Traditional pseudorandom number generators are based on nondeterministic state of OS

Slow and problematic for parallel executions

JAX relies on explicitly-set random state called a key:

from jax import random

initial_key = random.PRNGKey(18)
print(initial_key)

[ 0 18]

PRNG

Each key can only be used for one random function, but it can be split into new keys:

new_key1, new_key2 = random.split(initial_key)

print(new_key1)

[4197003906 1654466292]

print(new_key2)

[1685972163 1654824463]

We need to keep one key to split whenever we need and we can use the other one

PRNG

To make sure we don’t reuse a key by accident, it is best to overwrite the initial key with one of the new ones

Here are easier names:

key = random.PRNGKey(18)
key, subkey = random.split(key)

We can now use subkey to generate a random array:

x = random.normal(subkey, (3, 2))

Benchmarking

JAX uses asynchronous dispatch

Instead of waiting for a computation to complete before control returns to Python, the computation is dispatched to an accelerator and a future is created

To get proper timings, we need to make sure the future is resolved by using the block_until_ready() method

JIT syntax

from jax import jit

key = random.PRNGKey(8)
key, subkey1, subkey2 = random.split(key, 3)
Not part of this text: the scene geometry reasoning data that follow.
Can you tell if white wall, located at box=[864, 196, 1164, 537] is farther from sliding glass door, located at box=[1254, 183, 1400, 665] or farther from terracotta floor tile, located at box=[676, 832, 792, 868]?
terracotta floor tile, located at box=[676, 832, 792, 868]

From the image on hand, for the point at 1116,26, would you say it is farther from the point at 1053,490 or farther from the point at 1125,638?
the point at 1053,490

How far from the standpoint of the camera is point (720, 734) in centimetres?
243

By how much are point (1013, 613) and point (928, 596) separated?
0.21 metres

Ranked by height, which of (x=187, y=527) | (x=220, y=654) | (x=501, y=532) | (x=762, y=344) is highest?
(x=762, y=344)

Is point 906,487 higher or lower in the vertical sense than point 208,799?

a = random.normal(subkey1, (500, 500))
b = random.normal(subkey2, (500, 500))

def sum_squared_error(a, b):
    return jnp.sum((a-b)**2)

Our function could simply be used as:

sse = sum_squared_error(a, b)

JIT syntax

Our code will run faster if we create a JIT compiled version and use that instead:

sum_squared_error_jit = jit(sum_squared_error)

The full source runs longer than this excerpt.